Six months' paid leave for new fathers 'not realistic for most small businesses'
Small businesses fear that generous new paternity leave entitlements will divide the workforce into the haves and have-nots.
Guinness-owner Diageo has altered the landscape on paternity leave by offering all male employers six months off when they have a baby.
This matches the maternity benefit for women, and could set the bar for other major companies.
But representatives of small businesses described the 26-week paid paternity leave as "distorting reality".
Yesterday, Matt O'Connor, of the Irish Small and Medium Enterprises Association (ISME), said this was "fantastic" news for Guinness employees, but added male employees in small businesses would have little hope of six months' paid paternity leave.
"There is no evidence to support the idea that by and large any SME would be able to support employees being out of the office for six months. This distorts the reality of what the 130,000-plus SMEs in Ireland can provide to employees," he said.
Barbara McGrath, managing director of Brightwater Recruitment, praised Diageo for its move but said it would be a "big ask" for smaller companies.
"I would commend them, but think every single company is different," she said.
"Diageo is a worldwide multinational and SMEs are only beginning to see the light of day after the recession and it would be a very big ask.

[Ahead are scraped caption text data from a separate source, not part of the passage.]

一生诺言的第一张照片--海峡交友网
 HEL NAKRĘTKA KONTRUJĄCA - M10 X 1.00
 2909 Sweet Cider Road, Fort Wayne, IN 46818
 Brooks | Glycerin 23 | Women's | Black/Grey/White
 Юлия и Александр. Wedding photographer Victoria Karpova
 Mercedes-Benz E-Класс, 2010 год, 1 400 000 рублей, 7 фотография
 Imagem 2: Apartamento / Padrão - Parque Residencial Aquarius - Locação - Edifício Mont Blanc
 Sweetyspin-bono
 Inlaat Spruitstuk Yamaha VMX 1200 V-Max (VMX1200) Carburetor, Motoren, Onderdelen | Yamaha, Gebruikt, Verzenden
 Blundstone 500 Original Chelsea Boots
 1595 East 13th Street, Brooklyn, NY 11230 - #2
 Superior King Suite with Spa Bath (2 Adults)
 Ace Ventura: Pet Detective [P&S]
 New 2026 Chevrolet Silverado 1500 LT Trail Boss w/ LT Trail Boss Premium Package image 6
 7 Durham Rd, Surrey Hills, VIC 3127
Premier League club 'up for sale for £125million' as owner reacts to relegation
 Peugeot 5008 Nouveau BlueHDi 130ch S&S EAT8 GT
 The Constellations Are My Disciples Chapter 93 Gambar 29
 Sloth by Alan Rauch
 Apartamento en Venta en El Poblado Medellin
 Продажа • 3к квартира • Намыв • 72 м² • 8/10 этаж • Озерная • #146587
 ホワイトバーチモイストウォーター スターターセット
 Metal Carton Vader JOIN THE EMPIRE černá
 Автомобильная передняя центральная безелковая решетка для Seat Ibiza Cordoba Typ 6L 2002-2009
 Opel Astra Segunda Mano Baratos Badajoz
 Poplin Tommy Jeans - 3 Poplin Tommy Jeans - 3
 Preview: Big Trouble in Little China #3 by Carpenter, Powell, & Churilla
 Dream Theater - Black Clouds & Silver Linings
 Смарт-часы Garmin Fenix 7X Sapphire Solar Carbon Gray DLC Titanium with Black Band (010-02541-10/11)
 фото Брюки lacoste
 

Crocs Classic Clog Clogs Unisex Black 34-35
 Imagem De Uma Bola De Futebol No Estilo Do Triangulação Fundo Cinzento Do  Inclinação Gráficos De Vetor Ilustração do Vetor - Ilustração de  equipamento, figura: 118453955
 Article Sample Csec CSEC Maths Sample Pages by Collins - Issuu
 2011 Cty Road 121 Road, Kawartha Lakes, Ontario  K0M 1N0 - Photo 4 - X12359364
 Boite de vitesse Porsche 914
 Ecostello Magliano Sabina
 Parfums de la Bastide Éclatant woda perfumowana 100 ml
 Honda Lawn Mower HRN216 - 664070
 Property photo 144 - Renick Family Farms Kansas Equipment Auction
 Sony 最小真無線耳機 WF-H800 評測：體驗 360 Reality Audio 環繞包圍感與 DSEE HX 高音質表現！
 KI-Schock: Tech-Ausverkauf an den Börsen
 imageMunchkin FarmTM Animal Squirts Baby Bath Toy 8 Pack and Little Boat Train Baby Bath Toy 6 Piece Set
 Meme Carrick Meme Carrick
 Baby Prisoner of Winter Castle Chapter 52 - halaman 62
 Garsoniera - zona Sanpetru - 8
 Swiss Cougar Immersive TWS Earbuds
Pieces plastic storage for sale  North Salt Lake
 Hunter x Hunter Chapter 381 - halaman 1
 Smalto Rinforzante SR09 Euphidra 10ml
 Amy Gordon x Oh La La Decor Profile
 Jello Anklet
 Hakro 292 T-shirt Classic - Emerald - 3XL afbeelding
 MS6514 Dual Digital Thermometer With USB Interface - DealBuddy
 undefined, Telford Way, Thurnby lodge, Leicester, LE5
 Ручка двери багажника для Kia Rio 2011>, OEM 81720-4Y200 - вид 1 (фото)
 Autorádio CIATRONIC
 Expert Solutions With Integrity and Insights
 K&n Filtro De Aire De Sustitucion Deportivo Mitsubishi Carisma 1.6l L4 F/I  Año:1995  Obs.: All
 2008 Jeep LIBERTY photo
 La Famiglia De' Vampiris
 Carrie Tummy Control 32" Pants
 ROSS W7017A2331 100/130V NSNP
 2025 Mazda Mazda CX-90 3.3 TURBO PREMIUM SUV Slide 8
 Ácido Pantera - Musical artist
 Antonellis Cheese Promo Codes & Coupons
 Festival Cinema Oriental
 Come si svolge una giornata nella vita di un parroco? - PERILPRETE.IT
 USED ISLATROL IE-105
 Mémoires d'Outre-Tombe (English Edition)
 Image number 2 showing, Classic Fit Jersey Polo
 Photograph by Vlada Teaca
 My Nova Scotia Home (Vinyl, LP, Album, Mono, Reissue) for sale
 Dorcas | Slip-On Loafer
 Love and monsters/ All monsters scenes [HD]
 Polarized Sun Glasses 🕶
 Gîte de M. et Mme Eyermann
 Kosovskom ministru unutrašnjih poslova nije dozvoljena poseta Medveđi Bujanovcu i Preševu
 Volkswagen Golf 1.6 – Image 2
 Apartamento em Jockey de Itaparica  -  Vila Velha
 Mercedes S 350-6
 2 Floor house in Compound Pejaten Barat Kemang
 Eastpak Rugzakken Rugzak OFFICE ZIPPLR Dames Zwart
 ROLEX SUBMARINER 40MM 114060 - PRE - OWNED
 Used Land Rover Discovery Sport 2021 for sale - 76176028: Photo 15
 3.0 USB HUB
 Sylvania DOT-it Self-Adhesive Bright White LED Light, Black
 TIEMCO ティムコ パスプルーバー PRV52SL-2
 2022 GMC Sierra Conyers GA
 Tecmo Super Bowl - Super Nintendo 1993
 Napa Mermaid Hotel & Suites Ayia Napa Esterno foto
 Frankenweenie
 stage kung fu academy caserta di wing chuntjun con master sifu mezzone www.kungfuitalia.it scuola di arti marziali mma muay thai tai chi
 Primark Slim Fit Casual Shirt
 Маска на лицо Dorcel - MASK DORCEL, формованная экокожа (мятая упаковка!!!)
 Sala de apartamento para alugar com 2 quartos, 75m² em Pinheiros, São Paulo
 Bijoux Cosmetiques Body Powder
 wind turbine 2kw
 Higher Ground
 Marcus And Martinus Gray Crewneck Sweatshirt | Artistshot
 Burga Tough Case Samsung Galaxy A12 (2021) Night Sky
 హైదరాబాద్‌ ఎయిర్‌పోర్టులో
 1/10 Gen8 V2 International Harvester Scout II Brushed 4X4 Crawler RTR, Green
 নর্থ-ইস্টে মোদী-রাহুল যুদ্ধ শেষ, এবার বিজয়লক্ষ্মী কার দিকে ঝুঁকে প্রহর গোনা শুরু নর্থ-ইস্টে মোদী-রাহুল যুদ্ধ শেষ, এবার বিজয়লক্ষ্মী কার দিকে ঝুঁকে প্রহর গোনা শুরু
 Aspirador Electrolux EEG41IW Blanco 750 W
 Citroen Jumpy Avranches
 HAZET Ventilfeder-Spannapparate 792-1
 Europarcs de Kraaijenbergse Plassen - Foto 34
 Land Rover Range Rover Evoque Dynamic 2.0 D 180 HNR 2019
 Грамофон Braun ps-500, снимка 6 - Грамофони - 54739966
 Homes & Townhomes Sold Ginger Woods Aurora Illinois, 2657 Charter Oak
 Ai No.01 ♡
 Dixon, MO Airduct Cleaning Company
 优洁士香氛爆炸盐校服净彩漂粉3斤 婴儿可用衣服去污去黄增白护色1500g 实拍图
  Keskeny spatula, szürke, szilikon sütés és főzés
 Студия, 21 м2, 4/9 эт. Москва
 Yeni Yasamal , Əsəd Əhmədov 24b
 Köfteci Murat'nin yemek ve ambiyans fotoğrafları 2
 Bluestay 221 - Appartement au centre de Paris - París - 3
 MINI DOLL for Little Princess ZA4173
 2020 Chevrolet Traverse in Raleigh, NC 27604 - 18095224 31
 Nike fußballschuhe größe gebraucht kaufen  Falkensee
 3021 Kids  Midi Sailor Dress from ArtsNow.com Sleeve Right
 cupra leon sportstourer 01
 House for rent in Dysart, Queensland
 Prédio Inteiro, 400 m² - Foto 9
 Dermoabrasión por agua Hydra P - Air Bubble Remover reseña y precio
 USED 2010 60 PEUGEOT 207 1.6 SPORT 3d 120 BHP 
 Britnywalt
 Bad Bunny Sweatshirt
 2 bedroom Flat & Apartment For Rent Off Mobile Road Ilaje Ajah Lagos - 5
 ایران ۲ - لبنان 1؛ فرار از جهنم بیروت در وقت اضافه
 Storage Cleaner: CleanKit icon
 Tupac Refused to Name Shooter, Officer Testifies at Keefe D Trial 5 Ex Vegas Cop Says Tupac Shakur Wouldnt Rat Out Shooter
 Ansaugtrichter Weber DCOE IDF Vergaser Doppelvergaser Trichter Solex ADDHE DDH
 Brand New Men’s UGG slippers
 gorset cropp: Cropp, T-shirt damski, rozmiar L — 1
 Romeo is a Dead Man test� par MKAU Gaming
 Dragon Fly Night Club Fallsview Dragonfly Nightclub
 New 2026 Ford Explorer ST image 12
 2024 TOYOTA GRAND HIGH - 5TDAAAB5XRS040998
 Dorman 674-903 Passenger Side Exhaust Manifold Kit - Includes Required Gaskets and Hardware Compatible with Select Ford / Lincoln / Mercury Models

"It will be attractive to a lot of parents and put pressure on small businesses, but it won't be one size fits all."
But she said that "people are definitely looking at jobs and it's not all about pay. It's about work-life balance".
The plan comes as the country is close to full employment, with a record 2.3 million people in work, and unemployment is at the lowest level in 14 years.
Groups representing smaller businesses have previously warned of the strain that companies will face to find replacement staff during paternity leave. However, trade unions reacted positively to the news that Guinness is to offer new fathers six months' paid paternity leave.
A spokesperson for Siptu said the news was "very welcome".
Ireland's largest trade union said it was seeing some multinational companies offering 16 weeks of paid paternity leave, so "26 weeks is very much welcomed".
David Joyce, equality and international development officer at employee representative body Ictu, said Diageo's move was "a very positive development".